Business profits can be measured using the company’s financial statements. Limitation
on the use of financial statements includes differences in accounting policies and
procedures, inflation, and window dressing.
Difference in profits measured using financial ratios such as Profit Margin and Return on
equity (ROE).
Profit margin is calculated by dividing accounting net income by sales. The higher the
rate the more favorable.
Return on equity is calculated by dividing accounting net income by the book value of
the total assets minus total liabilities (equity).The higher the rate the more favorable.
Benchmarking should be made to compare business profits within the same industry.
Business profits vary depending on the nature of business.
Define and explain the following profit theory why profit varies among firms:
a. Frictional Profit Theory
A profit theory wherein an abnormal profit is observed following unanticipated
changes in demand or cost conditions. Unanticipated shocked produce positive or
negative economic profits for some firms. For example, at the time of sharp size in
petroleum prices in the 1990 as a result of US-Iraq war many petroleum-refining firms
enjoyed handsome economic profits. Similarly, as a result of slowdown in world trade in
the years 1999-2001 many Indian firms doing export business suffered losses due to the
decrease in the demand for their products in the USA and other countries.
b. Monopoly Profit Theory
A profit theory wherein an above normal profit caused by barriers to entry that
limit competition such as high capital requirements. Monopolies exists, especially in the
production and supply of water, electricity, energy, etc. Monopoly profits are subject to
heavy taxes or otherwise regulated.
c.

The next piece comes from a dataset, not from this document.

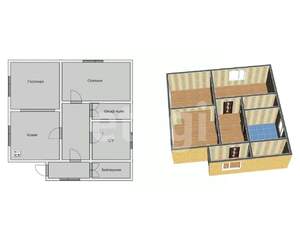 Дом 70м², 1-этажный, участок 8 сот.  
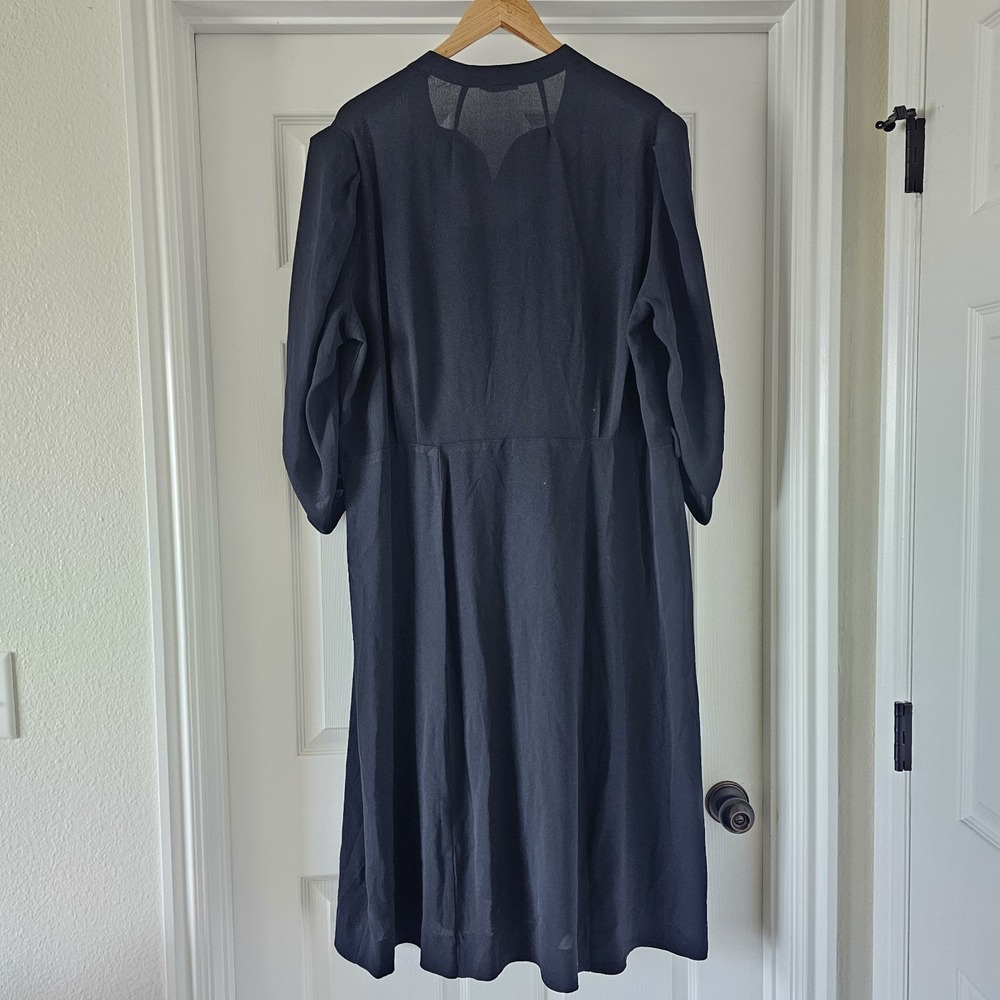 1940s Vintage XXL Volup Black Dress Scalloped Neckline New York Creations #65 - Picture 8 of 13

Innovation Profit Theory
A profit theory wherein an above normal profit results from successful invention
or modernization. Bill Gates introduced Windows operating system and MS-office types
of computer software and has become billionaire by making huge profit on his
innovations. Another example also is Apple Corporation that earned above normal rates
of return as an early innovator with its iPod line of portable digital music and
video players. Another example also is Facebook.
d. Compensatory Profit Theory
A profit theory wherein an above normal rates of return results from efficiency.
This includes extraordinary success in meeting customer needs and maintaining
efficient operation. On the other hand inefficient firms earn below normal rate of return.
For example, the Ford supply chain management which integrate suppliers into their
system and making delivery more efficient, lower inventory levels, shorter cycle time,
better processes and improve service level on the customer end. Another example is
Toyota’s Total Quality Management (TQM) which is a quality system based on lean
management. It is a proven effective management philosophy which focuses on attaining
the best in every aspect of the business. The company established The Toyota Way, a set
of business principles, in 2001. It is based on kaizen — continuous improvement — and
strives to eliminate waste and overproduction, as well as to create a bureaucratic system
where any employee can suggest a change where they see fit.

What is the role of profits in the economy?


Profits serve as a sign in making managerial decisions:
a. Above normal profit signals that the firm or industry output should be
increased, expansion of current firms or entry by new competitors.
b. Just above normal profits signals the need for expansion and entry.
c. Below normal profit signal the end for contraction and exit.